The main etiological factors of the respiratory system infections in CF patients are the following bacterial species: Staphylococcus aureus, Haemophilus influenzae, Pseudomonas aeruginosa, Burkholderia cepacia complex, Stenotrophomonas maltophila and other Gram-negative bacteria and nontuberculous mycobacteria. Adult patients may be also infected with other microorganisms such as viruses (respiratory syncytial virus [RSV], adenoviruses, influenza viruses) or fungi (Aspergillus spp., Candida spp.) [1, 3, 6].

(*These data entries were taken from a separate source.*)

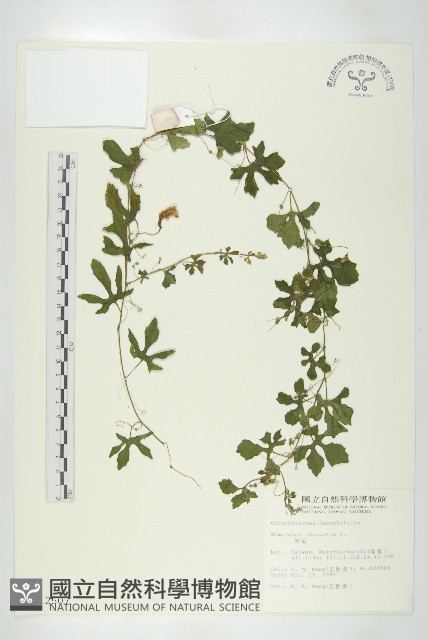 苦瓜藏品圖，第1張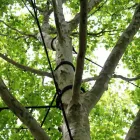 Entreprises 6 image AL MILEY TREE REMOVAL Tree Service/surgeons dans Mississauga ON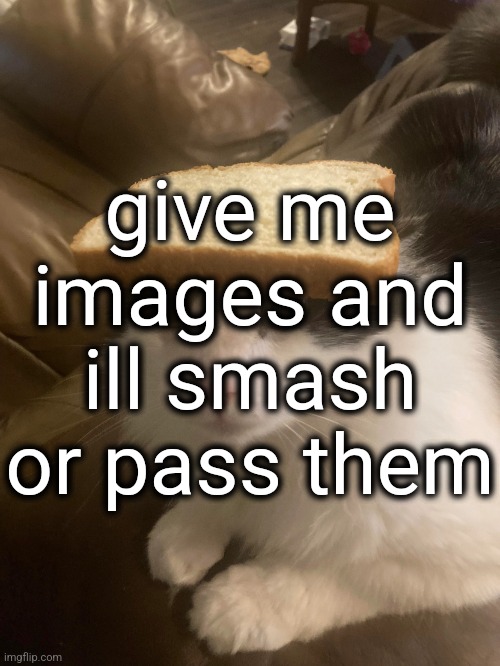 freaky edition | give me images and ill smash or pass them | image tagged in bread cat | made w/ Imgflip meme maker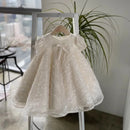 Little Girls' Short-Sleeved, Glittery, Vintage-Style Pageant Gown childrensterritory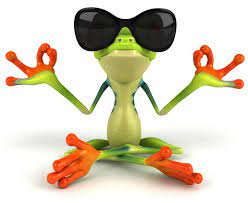 cio di cui abbiamo bisogno e una tazza di scienza un barile di prudenza e un oceano di pazienza frog cute frogs funny frogs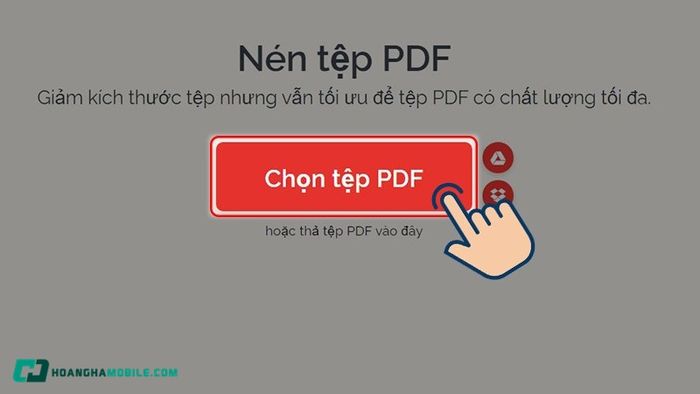 nen-tep-10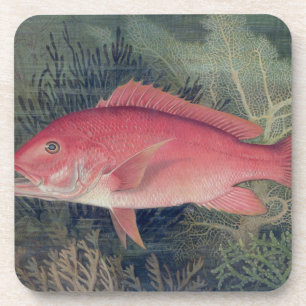 Posavasos Pargo Rojo, de 'Game Fishes of the United States
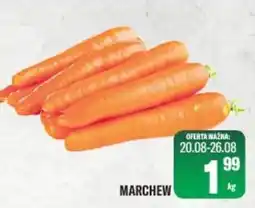 TomiMarkt Marchew oferta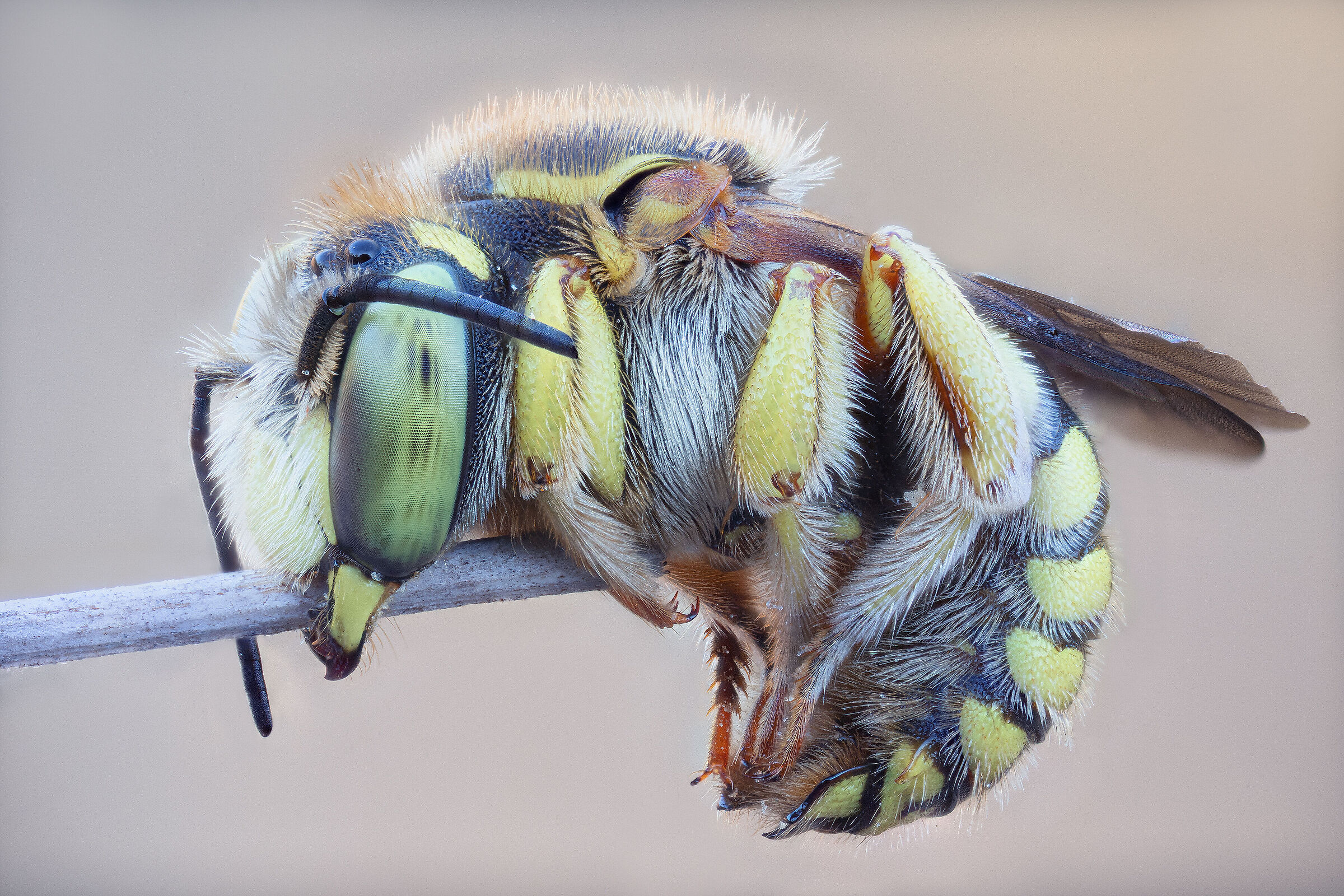Anthidium sp. z o.o.
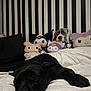 dog, sleeping, bed, white_bedspread, plush_toy, pillow, striped_wall, black_and_white, stuffed_animal, relaxation, indoors, cozy, resting, black_dog, decor, soft_toy, cushion, animal, pet, quiet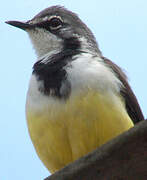 Madagascan Wagtail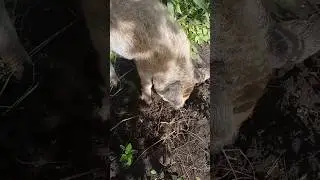 Поросятко🐖#2024 #youtube #2024shorts #видео #видео #music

CF patients belong to the group with increasing risk of infection with filamentous fungi. It is possibly related to impaired mechanism of bronchial clearance and prolonged stay in the respiratory system of inhaled spores of Aspergillus fumigatus [7−9]. Mould spores get through the inhalation route and settle the mucous membrane of the upper airways and further migrate to the lungs [3].

Thick mucus in the airways is the source of nutrients and a perfect environment for propagation and development of fungal cells. It was found that during infection, fungal cells secrete many proteolytic enzymes (proteases, phosphatases), which inhibit their phagocytosis and facilitate adhesion and colonization in the airways [2, 3].

One of the causes of colonization of fungi in the respiratory system is the use of broad-spectrum antibiotics in treatment of bacterial infections. The study by Chotrimall showed that the use of tobramycin in treatment of P. aeruginosa encourages the colonization of filamentous fungi A. fumigatus [3].

Among the fungal species isolated from the airways of CF patients, the most frequent are the following: A. fumigatus, A. flavus, A. niger, A. terreus and A. nidulans. It is believed that A. fumigatus and A. terreus species colonize the upper and lower airways of CF patients, causing pneumonia, sinusitis, bronchitis or allergic bronchopulmonary aspergillosis (ABPA) [1, 3].

ABPA is caused by hypersensitivity to antigens of the fungus that colonizes the airways. Differentiation between fungal infection and ABPA in CF patients is difficult due to similarity of clinical symptoms typical of the two conditions [8]. Additionally, the factors that predispose to the development of fungal infection are coexisting bacterial infections and a general poor condition of the patient [3].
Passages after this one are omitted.